Рокки громко вздохнул и посмотрел на меня так, словно это было ужасно несправедливое замечание, – будто бы в действительности это он выводил деда на прогулку.
Я просунул поврежденную руку в рукав полосатой рубашки, снятую с вешалки в шкафу, потом осторожно пригнулся и сунул в рукав вторую, здоровую руку. Шагнул ближе к деду, и он дрожащими пальцами коснулся воротничка.
– Верхнюю не застегивай, – попросил я.
– Ты разве не наденешь галстук?
Я посмотрел вниз, на болтающиеся полы рубашки, повисшие над серыми спортивными штанами.
– Не думаю, что он сюда подходит.
Дедушка вытянул губы и опустил руки ниже, ко второй сверху пуговице. Кажется, у него возникли трудности. Пальцы все соскальзывали с этой маленькой штучки цвета слоновой кости. Он ничего не сказал по этому поводу, я тоже.
Дедушка был лыс, как коленка, но от уха до уха тянулся полумесяц непослушных седых волос. Лысина у него гладкая, а на макушке темно-красное родимое пятно, как у Горбачева.
– Так что все-таки произошло с этой блондинкой? – вдруг спросил он.
– Откуда ты про нее узнал?
– Твоя мать рассказала.
Я издал нудящий звук горлом. Он должен был прозвучать как звонок в телевизионной викторине, когда участник выдает неправильный ответ.
– «Твоя мать вечно мне ничего не говорит» – твои слова.

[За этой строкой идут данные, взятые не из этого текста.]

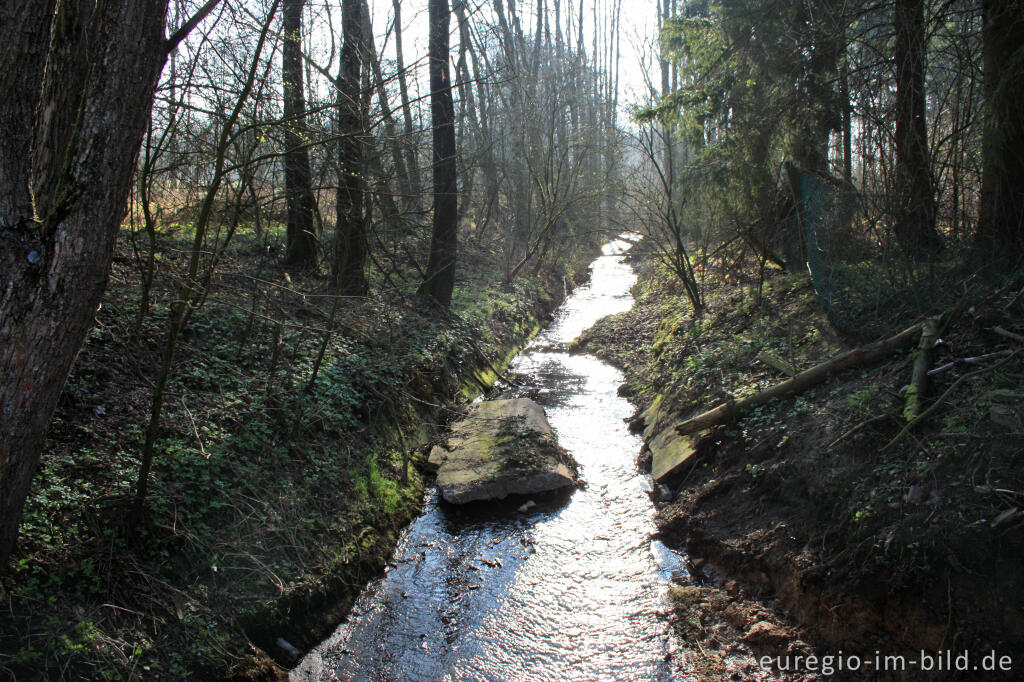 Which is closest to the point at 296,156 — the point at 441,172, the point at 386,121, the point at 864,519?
the point at 386,121

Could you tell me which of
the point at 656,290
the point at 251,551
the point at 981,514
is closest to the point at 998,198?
the point at 981,514

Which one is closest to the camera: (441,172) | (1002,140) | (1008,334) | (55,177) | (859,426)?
(55,177)

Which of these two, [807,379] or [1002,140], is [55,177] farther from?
[1002,140]

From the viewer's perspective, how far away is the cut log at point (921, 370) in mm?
4780

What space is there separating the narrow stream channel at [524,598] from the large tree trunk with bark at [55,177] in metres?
2.51

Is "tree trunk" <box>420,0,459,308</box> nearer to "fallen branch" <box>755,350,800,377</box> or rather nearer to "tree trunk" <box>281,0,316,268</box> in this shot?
"tree trunk" <box>281,0,316,268</box>

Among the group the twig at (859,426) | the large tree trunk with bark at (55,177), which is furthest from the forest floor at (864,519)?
the large tree trunk with bark at (55,177)

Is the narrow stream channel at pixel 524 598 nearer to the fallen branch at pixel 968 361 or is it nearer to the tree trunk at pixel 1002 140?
the fallen branch at pixel 968 361

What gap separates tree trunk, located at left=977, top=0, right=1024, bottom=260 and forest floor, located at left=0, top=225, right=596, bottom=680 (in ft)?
21.3

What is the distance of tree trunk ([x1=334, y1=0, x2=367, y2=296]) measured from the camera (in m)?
6.76

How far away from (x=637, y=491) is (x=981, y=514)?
139 inches

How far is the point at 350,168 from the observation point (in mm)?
7211

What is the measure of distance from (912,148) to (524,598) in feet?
19.6

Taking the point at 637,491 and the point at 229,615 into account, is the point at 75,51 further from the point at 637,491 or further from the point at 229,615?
the point at 637,491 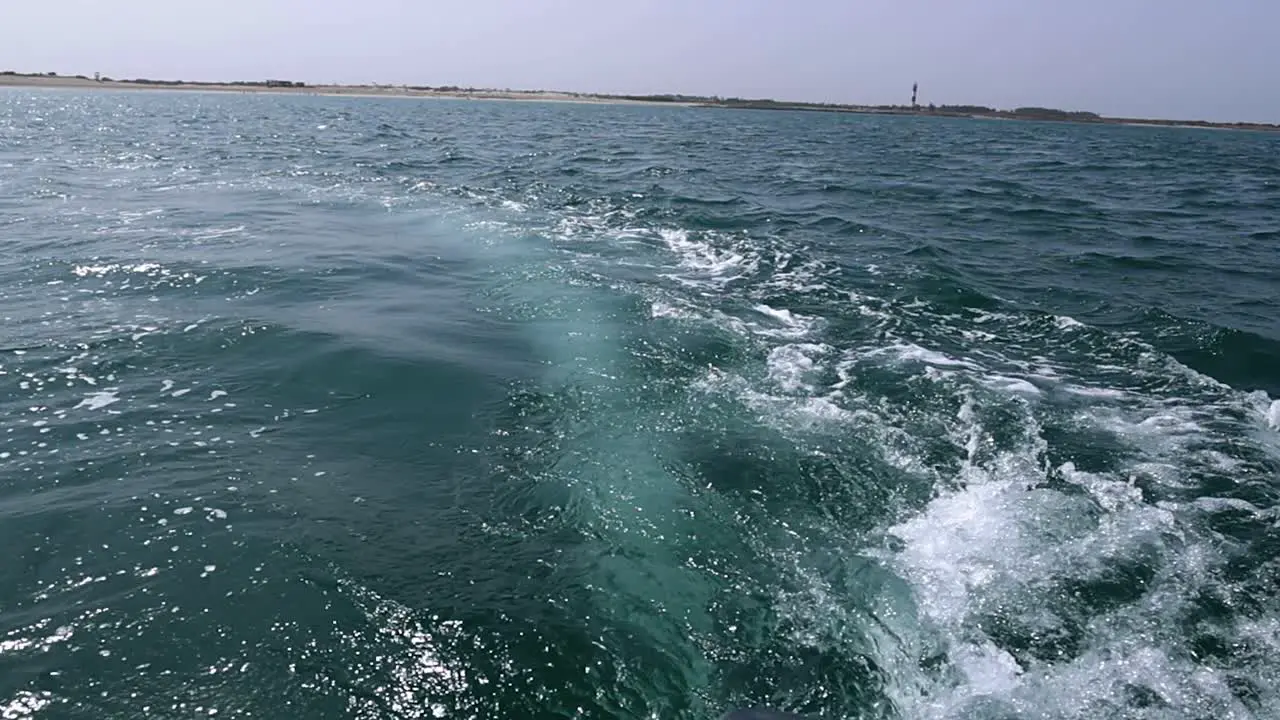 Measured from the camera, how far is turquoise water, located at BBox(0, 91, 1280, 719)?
459 cm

Дед пожал плечами. Ему в конце концов удалось застегнуть пуговицу, и он занялся следующей.
– Да все об этом болтают, – буркнул он.
– Все?
– Все старики.
Дед именно так предпочитал именовать остальных обитателей приюта. Словно сам все еще был молодым и пребывание в «Снэйфел-Вью» стало для него просто собственным выбором такого вот образа жизни. Иной раз дед сообщал нашим новым постояльцам, что он здешний мастер-ремонтник. Особенно если это была женщина.
Мне вовсе не следовало удивляться его словам. Для большей части наших постояльцев свежая сплетня служила редким и ценным подарком, прямо как твердая валюта. В тот миг, когда новость о моей аварии выскочила на свободу, она тут же распространилась со скоростью зимней эпидемии гриппа.
– И что они по этому поводу думают?
– Ну, некоторые считают, что ты сбрендил. Такие, как Валери Грег. – Валери Грег – жертва старческого слабоумия. Большую часть времени она проводит, тихонько напевая себе под нос в углу гостиной с телевизором. Для части наших постояльцев она стала чем-то вроде пугала или жупела – живое, дышащее привидение, муляж будущего, которого все они страшно боятся. – А некоторые полагают, что ты ее убил. (Боже ты мой!) Но я на стороне большинства.
– А что говорит большинство?
– Они тебе верят. – Дед ткнул меня в грудь, и я оскалился от боли. – И еще они считают, что полицейские против тебя что-то замышляют.
– В самом деле?
– Так говорит наша старуха-командирша. – Старухой-командиршей у нас именовалась Розмари Форбс, отставная школьная директриса и, как утверждает мама, некогда предмет обожания дедушки. – У полиции тут полно тайных мест. Секретных мест. Они там прячут людей и все такое.